Unknown: Sam Ard of Asheboro, NC, won the 1983 NASCAR Busch Late Model Sportsman Series championship. The following year, he repeated as champion when it was renamed the NASCAR Busch Grand National Series. (Photo by ISC Images & Archives via Getty Images)

ISC Archives via Getty Images

MARTINSVILLE, Va. - Sam Ard, a two-time champion in what was called the Busch Series, died Sunday, a friend of the family confirmed to NBC Sports.
He was 78.

A moment of silence was held before Sunday’s NASCAR Cup race at Martinsville Speedway.

Ard won the 1983 and ’84 titles in what is now the Xfinity Series. He won 10 races in 1983 and eight races in 1984.

Ard competed in what was the Busch Series from 1982-84, winning 22 of 92 races. He had 79 top-10 finishes. Ard ranks 12th on the all-time series wins list, tied with Tommy Ellis. Ard’s career was cut short when he suffered head trauma in a racing crash in 1984.

A 1982 Oldsmobile Omega that Ard drove was added in January to the NASCAR Hall of Fame’s Glory Road that shows the sport’s iconic cars.

Ard was selected to the National Motorsports Hall of Fame in 1999

Ard had been in failing health, suffering from Alzheimer’s and Parkinson’s diseases. In 2008, Kevin Harvick donated a van to Ard’s family. The NASCAR Foundation and Motor Racing Outreach teamed for an online auction to benefit a fund for Ard. Kyle Busch committed $100,000 to Ard after winning what was then a Nationwide race at Texas Motor Speedway. That was Busch’s 10th win, tying him at the time with Ard for most wins in a season. Busch went on to break that mark and finish with 13 victories that year.

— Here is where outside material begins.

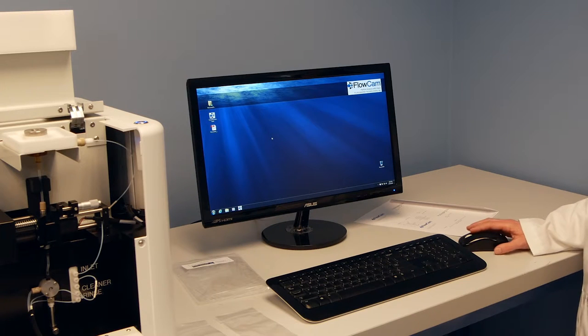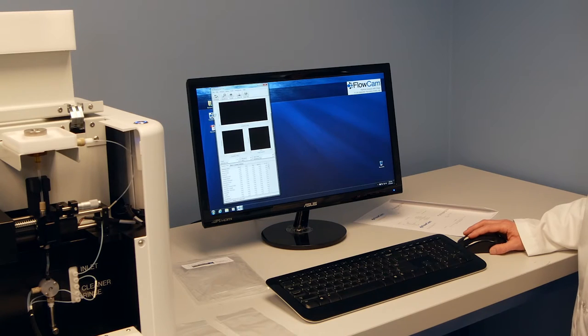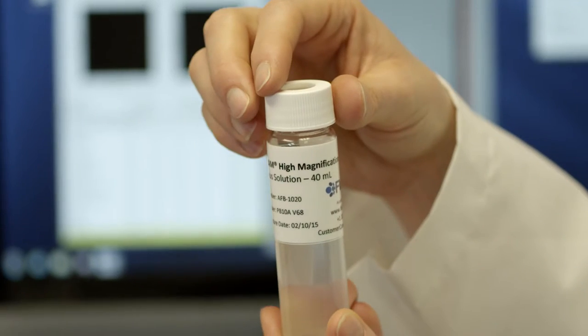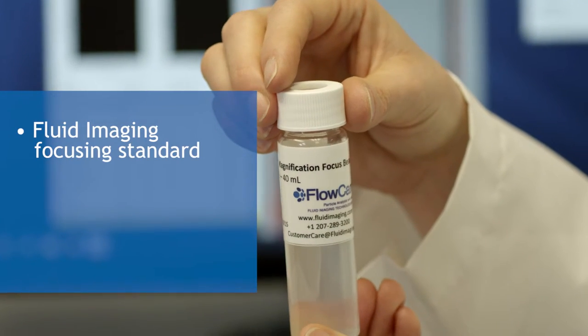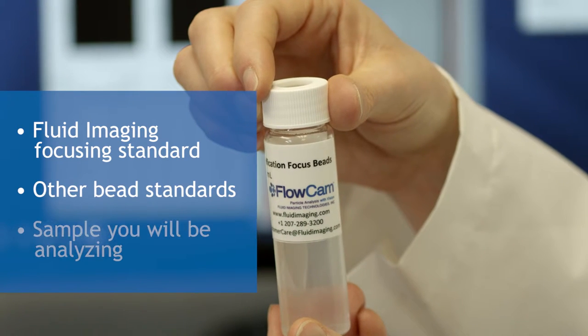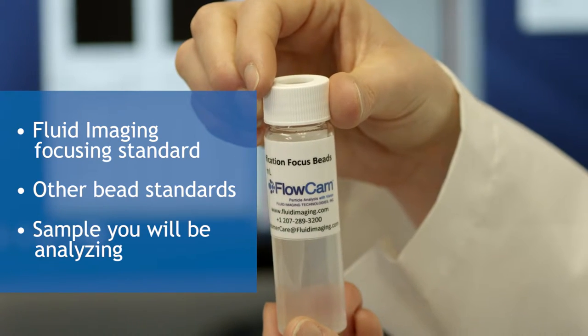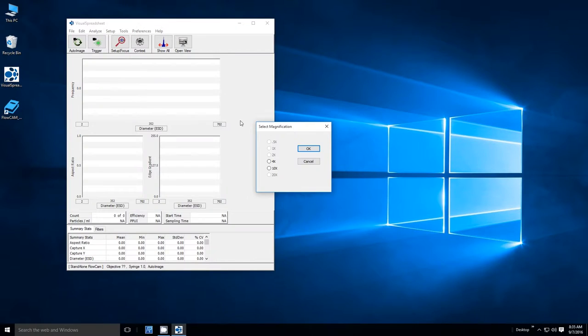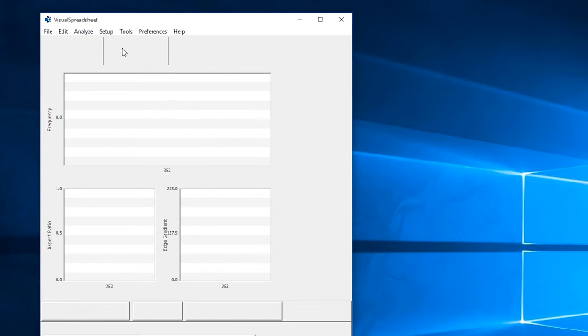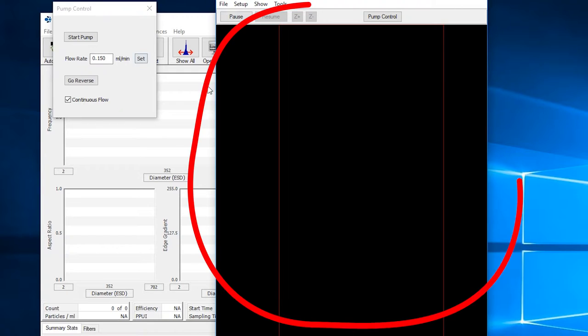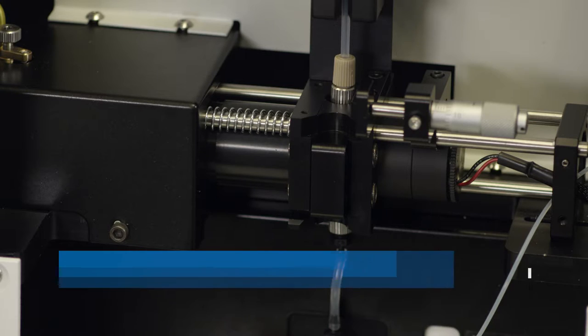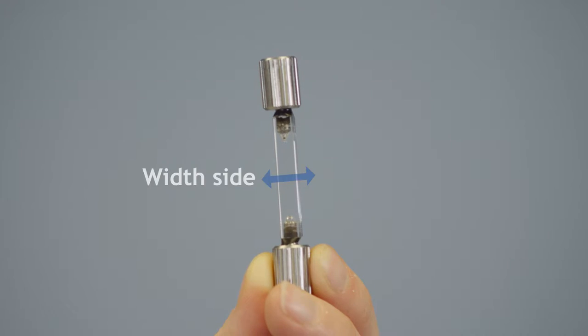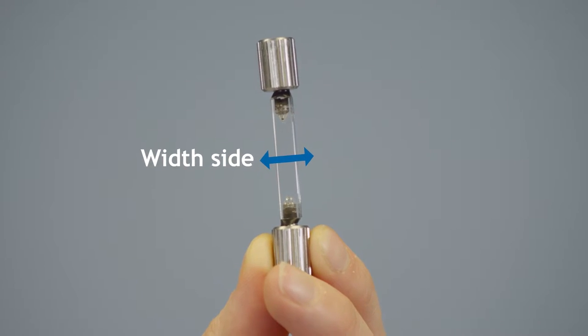Now you are ready to focus the flow cell in preparation for analyzing samples. To focus, you will need the Fluid Imaging focusing standard, other bead standards, or even the sample you will be analyzing. Begin by launching the Visual Spreadsheet software, then accessing the setup menu and selecting setup and focus. This will open a live view of the camera window. You will now be able to see parts of the flow cell. Make sure you have the flow cell installed correctly and are viewing the width of the flow channel and not the depth.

“Sam Ard is one of the pioneers of this (series) and to be tied with him at 10 wins is something that’s pretty spectacular and really, really special to me,’’ Busch said after that Texas win.

NASCAR released the following statement about Ard.

“For many years, Sam Ard’s persona was that of a tough-as-nails racer. No matter the track or the competition, he battled to the end. That fighter’s mentality lasted throughout his life, and far beyond the confines of a race car. Sam battled on and off the track with the same ferocity that earned him two championships in what is today the NASCAR XFINITY Series as well as countless victories in the Late Model Sportsman Series. NASCAR extends its deepest condolences to Sam’s family and friends. He will be dearly missed, and his memory cherished.”